- Health History.
- Travel Vaccinations.
- Travel Insurance.
- Managing Chronic Illness.
Traveling abroad requires careful planning for anyone, even the healthiest among us. If you deal with a chronic illness, even more careful attention to your pre-trip plans is needed. Depending on the nature and severity of the condition, making careful preparations in advance of your trip can make a huge difference.
Prepare a comprehensive checklist of everything you’ll need to do that before leaving. With this extra time investment, you can have a much better experience abroad. This checklist will be different based on your needs. But, what’s outline below can serve as a template:
What Is My Health History?
Doctors and travel health organizations recommend taking a health history information sheet, or HHIS. Aside from personal contact information, an HHIS includes:
- Medical diagnosis
- Physician contact information
- Medications and dosages
- Emergency contact information
The HHIS should be printed on your physician’s letterhead and signed by the physician. Consider having the HHIS translated into the language of the countries on your route. A copy of the HHIS should be provided to all emergency contacts.
What Medications Am I Taking?
All travelers should carry an extra supply of all medications and a copy of all prescriptions. This is even more crucial if you have a chronic condition. If syringes are used to administer drugs, a physician’s note summarizing the medical diagnosis and related prescription should be obtained. Verify procedures to carry syringes with the appropriate airlines and airline security offices. Speak with a medical professional about the best way to store medications while traveling.
Medications should be carried on-board by the patient in the original packaging when flying. Certain medications that contain narcotics or mind-altering agents may be subject to travel restrictions. Be sure to verify everything with your physician before leaving.
What Travel Vaccinations or Medications Will I Need?
Some countries require vaccines for entry into the country.
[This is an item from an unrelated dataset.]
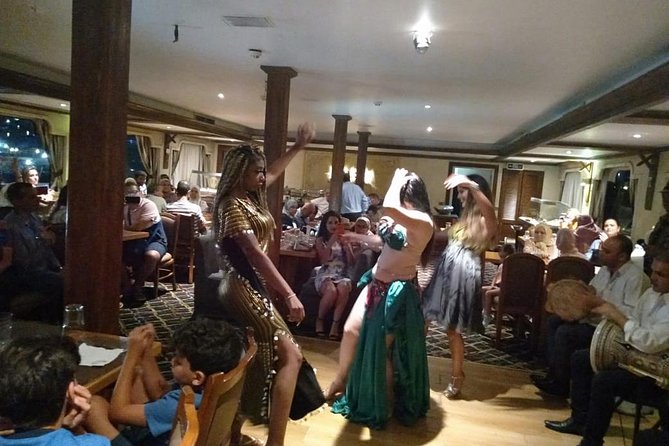 night-tour Nile dinner cruise with open buffet and belly dancer - The open buffet: Egyptian dishes with one timing catch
Others vaccinations may be recommended. These often include:
- Yellow Fever– This mosquito-borne disease is so prevalent in some parts of the world that countries require the vaccine for entry. If your destination requires it, be sure to talk with a travel health specialist. If you are unable to receive it, you can receive a vaccination waiver.
- Typhoid– Foodborne disease are common in some parts of the world. As one of these infections, typhoid is an important vaccination.
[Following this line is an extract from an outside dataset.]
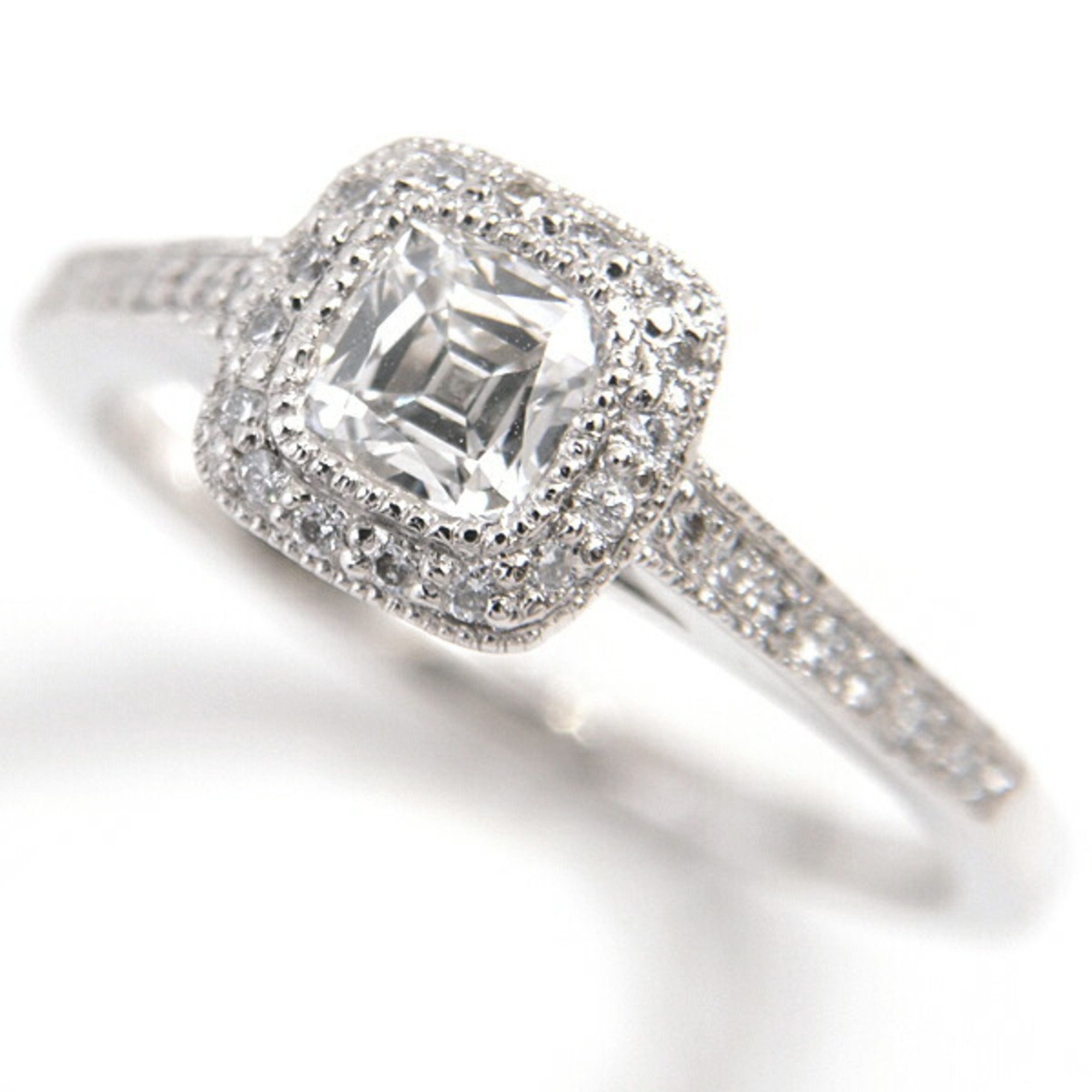 Band Ring Platinum with Diamond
- Meningitis– Central Africa is also known as the ‘Meningitis Belt’. If you plan on traveling to the region, you may want or need a meningitis vaccine.
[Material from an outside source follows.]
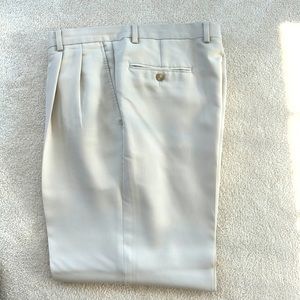 Crazy Horse A Claiborne Company Pants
- Hepatitis A– Another foodborne disease, hepatitis A can cause some longterm complications. This is especially true if you already have a chronic illness.
- Routine Vaccinations– Many disease that are uncommon in the United States are prevalent in other regions. Be sure your vaccinations are up-to-date before you leave.
- Rabies– Rabies isn’t always a recommended vaccine. If you are planning on staying somewhere long-term, consider this vaccine.
- Flu– Flu vaccination is an important part of annual health and travel health. Make sure you have received your shot this year.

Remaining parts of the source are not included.